What you will do
From the records below, copy out each line that has the word "Stock".

(Excerpts from a dataset)
= Beginning of Section =

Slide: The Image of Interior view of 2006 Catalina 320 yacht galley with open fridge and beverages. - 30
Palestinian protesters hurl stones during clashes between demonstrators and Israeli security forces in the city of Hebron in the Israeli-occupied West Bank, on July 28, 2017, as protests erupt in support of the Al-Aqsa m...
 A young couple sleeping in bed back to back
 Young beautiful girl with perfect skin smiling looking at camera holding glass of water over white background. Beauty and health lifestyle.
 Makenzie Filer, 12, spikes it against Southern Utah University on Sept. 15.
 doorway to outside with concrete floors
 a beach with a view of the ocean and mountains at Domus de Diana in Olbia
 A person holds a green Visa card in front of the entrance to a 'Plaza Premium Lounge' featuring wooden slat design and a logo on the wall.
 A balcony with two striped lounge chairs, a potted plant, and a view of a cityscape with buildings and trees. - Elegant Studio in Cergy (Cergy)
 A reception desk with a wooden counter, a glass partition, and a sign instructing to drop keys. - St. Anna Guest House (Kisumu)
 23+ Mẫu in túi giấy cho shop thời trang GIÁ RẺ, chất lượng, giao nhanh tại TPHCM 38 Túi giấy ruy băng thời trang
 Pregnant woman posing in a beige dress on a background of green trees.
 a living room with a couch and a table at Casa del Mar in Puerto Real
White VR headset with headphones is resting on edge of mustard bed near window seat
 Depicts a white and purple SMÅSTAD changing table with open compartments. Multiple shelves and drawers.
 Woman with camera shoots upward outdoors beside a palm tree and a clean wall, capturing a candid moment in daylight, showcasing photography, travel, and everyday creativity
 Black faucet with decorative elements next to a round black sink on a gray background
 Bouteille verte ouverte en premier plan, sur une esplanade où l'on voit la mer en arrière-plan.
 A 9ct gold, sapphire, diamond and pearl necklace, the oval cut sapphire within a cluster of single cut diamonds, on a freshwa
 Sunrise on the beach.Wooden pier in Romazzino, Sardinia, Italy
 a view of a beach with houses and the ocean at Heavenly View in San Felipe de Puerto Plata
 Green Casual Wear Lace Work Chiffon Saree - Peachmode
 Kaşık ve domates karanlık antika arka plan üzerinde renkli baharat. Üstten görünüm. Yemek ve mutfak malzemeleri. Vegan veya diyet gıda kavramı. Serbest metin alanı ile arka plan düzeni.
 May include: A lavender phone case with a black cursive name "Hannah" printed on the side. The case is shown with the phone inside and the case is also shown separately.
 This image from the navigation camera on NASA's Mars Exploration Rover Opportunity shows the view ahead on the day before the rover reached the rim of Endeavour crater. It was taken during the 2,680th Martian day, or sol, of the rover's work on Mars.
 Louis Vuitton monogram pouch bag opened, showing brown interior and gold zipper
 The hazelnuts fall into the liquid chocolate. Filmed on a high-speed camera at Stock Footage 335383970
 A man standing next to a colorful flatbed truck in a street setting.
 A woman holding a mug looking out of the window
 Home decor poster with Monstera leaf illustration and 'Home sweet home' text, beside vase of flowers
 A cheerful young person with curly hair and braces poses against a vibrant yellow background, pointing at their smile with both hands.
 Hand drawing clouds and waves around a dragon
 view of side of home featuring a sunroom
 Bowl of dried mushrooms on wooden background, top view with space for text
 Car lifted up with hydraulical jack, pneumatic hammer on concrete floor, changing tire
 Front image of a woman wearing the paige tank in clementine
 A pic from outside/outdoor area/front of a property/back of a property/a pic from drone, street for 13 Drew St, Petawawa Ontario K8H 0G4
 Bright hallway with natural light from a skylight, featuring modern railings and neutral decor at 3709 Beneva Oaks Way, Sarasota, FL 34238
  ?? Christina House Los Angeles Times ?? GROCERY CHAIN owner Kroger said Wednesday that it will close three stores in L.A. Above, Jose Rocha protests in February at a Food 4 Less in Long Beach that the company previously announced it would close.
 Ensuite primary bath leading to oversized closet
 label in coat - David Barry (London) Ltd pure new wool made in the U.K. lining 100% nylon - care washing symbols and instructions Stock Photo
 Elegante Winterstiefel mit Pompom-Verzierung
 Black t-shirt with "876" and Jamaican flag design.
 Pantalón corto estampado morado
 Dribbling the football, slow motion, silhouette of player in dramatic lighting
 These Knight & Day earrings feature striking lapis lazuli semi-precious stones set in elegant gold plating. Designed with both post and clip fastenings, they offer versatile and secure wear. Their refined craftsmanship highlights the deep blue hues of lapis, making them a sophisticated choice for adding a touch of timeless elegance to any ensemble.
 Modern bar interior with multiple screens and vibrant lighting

= End of Section =

Answer box
 The hazelnuts fall into the liquid chocolate. Filmed on a high-speed camera at Stock Footage 335383970
 label in coat - David Barry (London) Ltd pure new wool made in the U.K. lining 100% nylon - care washing symbols and instructions Stock Photo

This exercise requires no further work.